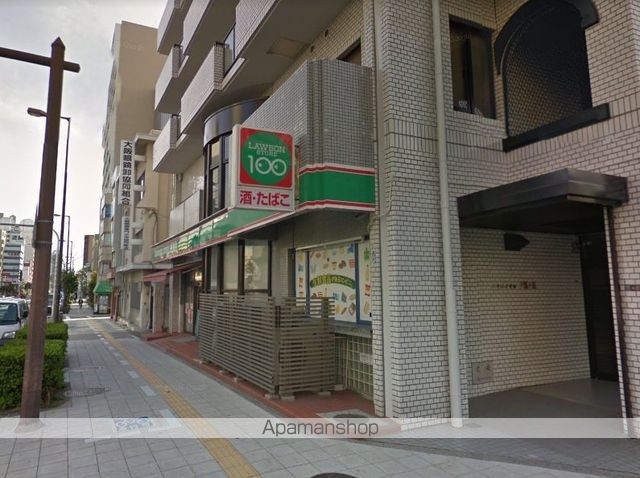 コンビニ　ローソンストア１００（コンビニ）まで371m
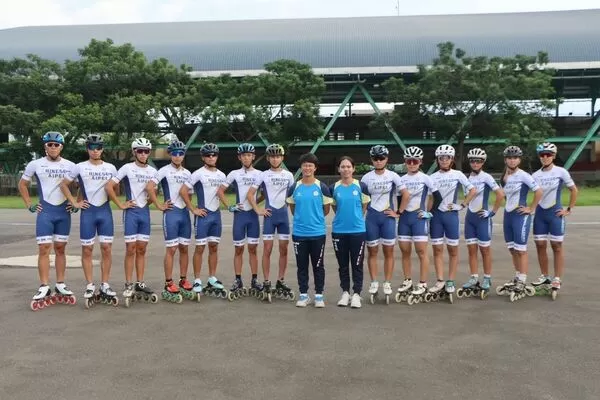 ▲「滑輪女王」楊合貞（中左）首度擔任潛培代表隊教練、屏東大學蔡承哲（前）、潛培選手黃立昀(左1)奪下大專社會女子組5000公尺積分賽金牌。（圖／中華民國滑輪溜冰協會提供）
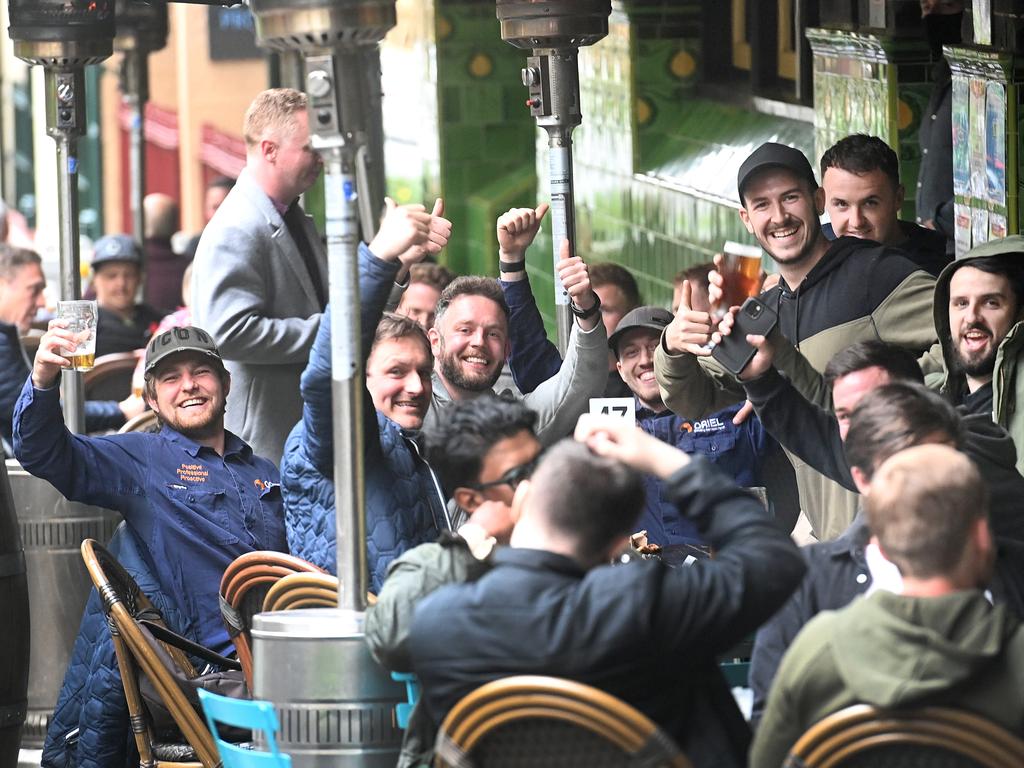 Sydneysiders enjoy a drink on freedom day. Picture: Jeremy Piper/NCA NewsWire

PROBLEM TO SOLVE »
Transcribe the listing above exactly, leaving every picture out.

ANSWER SPACE »
 コンビニ　ローソンストア１００（コンビニ）まで371m
 ▲「滑輪女王」楊合貞（中左）首度擔任潛培代表隊教練、屏東大學蔡承哲（前）、潛培選手黃立昀(左1)奪下大專社會女子組5000公尺積分賽金牌。（圖／中華民國滑輪溜冰協會提供）
 Sydneysiders enjoy a drink on freedom day. Picture: Jeremy Piper/NCA NewsWire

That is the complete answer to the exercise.